(concurring in part and dissenting in part).
I am in full accord with the views expressed in the majority to the effect that “Under R.S, 30:105 it is unlawful for a purchaser of mineral products to withhold payment of any rentals, royalties, or other sums due to a party holding an interest in the minerals or under the lease, and under R.S. 30:107 a party in interest may obtain a writ of mandamus to compel payment of whatever may he due him." I do not, however, subscribe to the conclusion that the amount due relator is not fixed and certain and that, therefore, under the holding in State ex rel. Brown v. United Gas Public Service Company, 197 La. 616, 2 So.2d 41, it was not entitled to resort to the mandamus remedy in this case, for a mere reading of the Brown case clearly reveals it does not support this conclusion as the amount there sought to be recovered was neither certain, fixed, nor definite, whereas the contrary is true in the instant case.

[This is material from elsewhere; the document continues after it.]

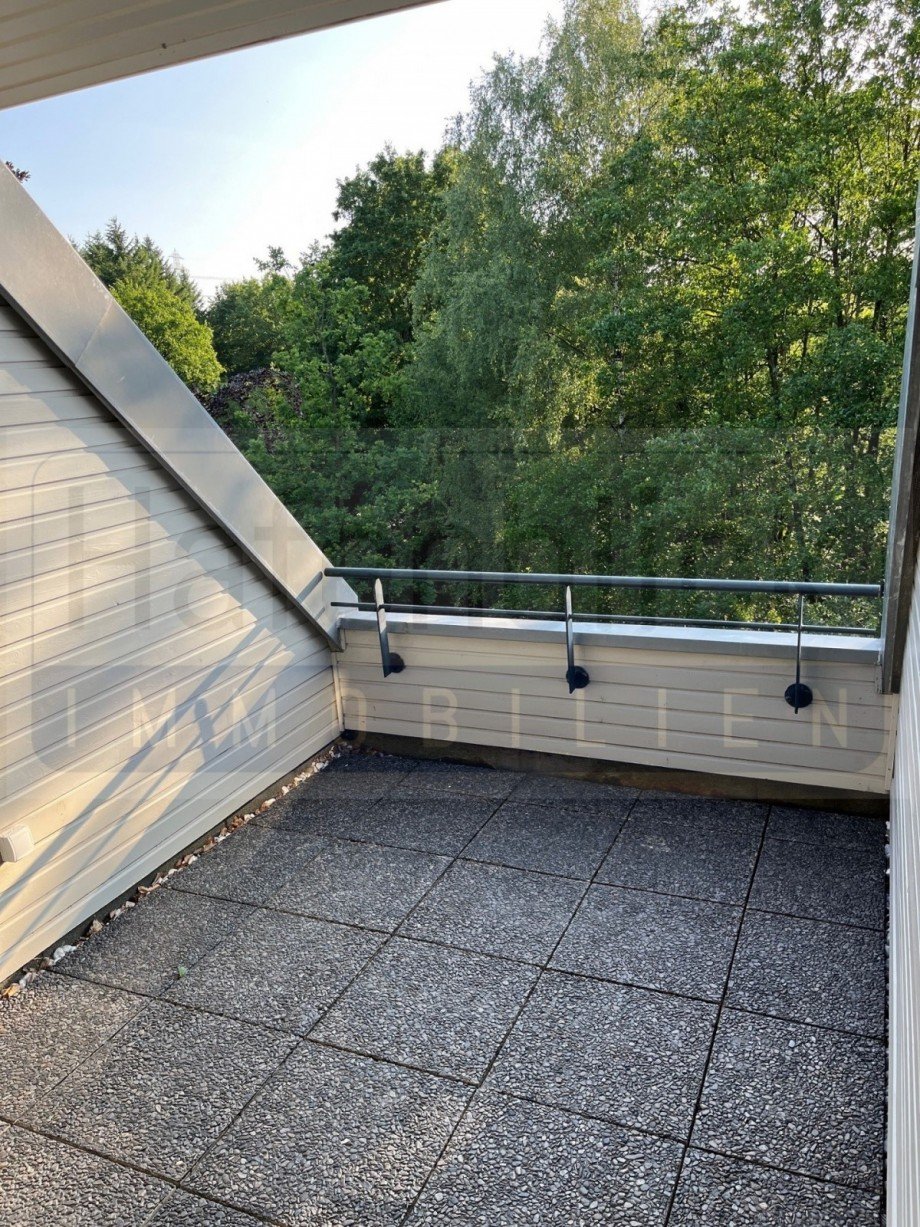 Loggia S�d/West-Lage Etagenwohnung Reinbek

In the Brown case (for the recovery of additional royalties under two mineral leases as well as the refund of payments for severance taxes deducted from the amounts actually paid relator) the producers of gas wells on property covered by two mineral leases paid the relator as roy*329alty for the gas so produced “one-eighth of 3 cents per thousand cubic feet corrected to the pressure set forth in the leases,”1 whereas, according to relator’s allegations, predicated upon information and belief, “the market price of dry gas per one thousand feet corrected to two pounds above atmospheric pressure in Richland Parish, during the years the gas was produced, was not less than 6 cents.” Inasmuch as such allegation was denied by the respondent, the court properly concluded this claim was neither definite nor certain and relator was without right to employ the mandamus proceeding to compel payment of the additional sums it contended were due under the lease provisions set out in Footnote No. 1. (The emphasis has been supplied by me.)

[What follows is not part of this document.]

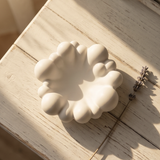 White Pebble Trinket Bowl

In the instant case, however, pursuant to an order of the Commissioner of Conservation of the State of Louisiana, certain duly recorded mineral leases owned by relator were force-pooled with the property on which the Begnaud No. 1 well was brought in as a producer, and in this order compelling the integration of the leases the interest of the relator in the entire production from that well was not only specifically stated to be .164146, but Joseph M. Jones, designated operator of the well by the Federal Power Commission, actually sold the entire production from the well to the respondent through his agent, the Texas Gas Exploration Corporation, a wholly owned subsidiary of respondent, for a fixed and definite price.

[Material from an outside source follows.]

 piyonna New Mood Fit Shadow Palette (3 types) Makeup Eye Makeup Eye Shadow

It is therefore obvious that the interest of the relator in the entire production from the Bagnaud Well No. 1 was certain and that it was sold for a fixed price. Consequently, there was nothing indefinite or uncertain with respect to the amounts due the relator for its interest in the entire production from this well as nothing was left to speculation. In these circumstances, it was unlawful, under the plain provisions of the law, for the respondent, as the purchaser of this entire production, to withhold from the relator the proportion of the purchase price represented by this .164146 interest and the latter was therefore entitled to compel such payment by mandamus proceedings.
The conclusion reached by the majority, in my opinion, has so emasculated the provisions of R.S. 30:105, et seq. as to render them ineffective for all practical purposes.
. The royalty clause in the first lease provided for payments to the relator as follows: “% of the value of such gas calculated at the prevailing market price at wells on two pounds pressure,” and, in the second lease at “one-eighth (%) of the value of such gas calculated at the rate of 3 cents per thousand cubic feet, corrected to two pounds above atmospheric pressure.”